E.g. p of Building(1) = 0.3, exp(B) of Building(1) = .45; p of Building (2) = 0.01, exp(B) of Building(2) = 0.12 etc. There is a third building category that is used as reference category. Overall p is <0.05. but no B or exp(B) is given for overall I.V. (Building). In this case, does it mean only Building(2) is included in the model?

To gianmarco, thanks for the link! Very useful info. Will try to figure out how to use it for my study.

To PeterFlom, thanks for sharing your paper. Will have to think through it too. And a very valid point u raised for my Qn 3! Thanks!! Will think along the direction. :)
 
Last edited:
#5
Re: 1)Test multicollinearity b4/after Stepwise Log Regress? 2)Final Equatn 3)Model Se

The exact way to present findings depends on the journal.
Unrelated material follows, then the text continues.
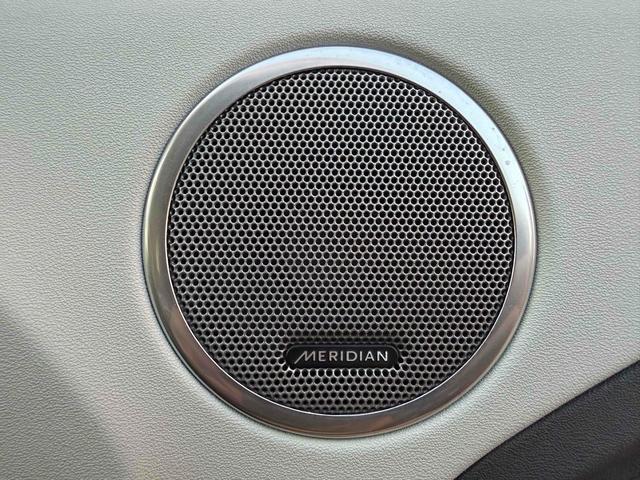 レンジローバーイヴォーククーペ ピュア　クーペ　白革シート　パノラマルーフ　デジタルインナーミラー　ＥＴＣ　バックカメラ　オートクルー　ナビ　ＴＶ　オートライト　電動リアゲート　アルミホイール　スマートキー　アイドリングストップ（65枚目）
Many use the American Psychological Association style guide, which has sample tables for various types of statistical analysis.

My view is that you need to include the ORs for each level of any categorical variable that is in your model.
 

gianmarco

TS Contributor
#6
Re: 1)Test multicollinearity b4/after Stepwise Log Regress? 2)Final Equatn 3)Model Se

On the issue of stepwise Regression, I found this article interesting:
Austin PC, Tu J V. Statistical Bootstrap Methods Practice for Developing Predictive Models. Am Stat. 2004;58: 131–137
The methods has been implemented in R, but from an AIC standpoint (LINK).

As for assessing model performance (i.e., the first case I was referring to in my earlier reply), this book can be useful:
Hosmer DW, Lemeshow S, Sturdivant R. Applied Logistic Regression. Third. Hoboken, NJ, USA: John Wiley & Sons, Inc.; 2000.

As for LR in SPSS, maybe Field's book on statistic and SPSS can prove useful (LINK).
 
#7
Re: 1)Test multicollinearity b4/after Stepwise Log Regress? 2)Final Equatn 3)Model Se

Hi both,

Thanks for your input! Thought I've replied but seems like it didn't send through.

PeterFlom, I think you are right. From this website, it does appear that we must add each and every level of the variable that is statistically significant. Look at the variable ses in this link (http://www.ats.ucla.edu/stat/spss/output/logistic.htm)
 
#8
Re: 1)Test multicollinearity b4/after Stepwise Log Regress? 2)Final Equatn 3)Model Se

You don't have to do anything. You don't have to include variables that are significant (suppose you had never included it?) and you don't have to delete ones that are insignificant (there are other reasons for keeping them in.

OK, I was wrong, there are things you have to do: You have to be able to defend your choices and you have to think.
 

Lazar

Phineas Packard
#9
Re: 1)Test multicollinearity b4/after Stepwise Log Regress? 2)Final Equatn 3)Model Se

Question 1: You should not do stepwise at all. It is guaranteed to give wrong results. The p-values are too low, the parameter estimates are biased, the models are too complex and may not make any sense and it denies you the ability to use substantive knowledge. It is particularly egregious when there is collinearity as the variable eliminated is arbitrary. See my paper Stopping stepwise.
This of course depends on purpose. Stepwise is fine when your goal is prediction rather than explanation. Indeed stepwise is similar in logic to a fair bit of machine learning (think Ridged, lasso, elasticnet regression). Trevor Hastie's "Elements of Statistical Learning" covers this nicely in the first couple of chapter's (3 in particular) http://statweb.stanford.edu/~tibs/ElemStatLearn/

So again it comes down to purpose. If the op want to explain WHY birds fly into a building then I agree that stepwise is a bad idea. However, if the aim is to PREDICT when a bird will fly into a building, for some practical purpose, then stepwise is a viable option.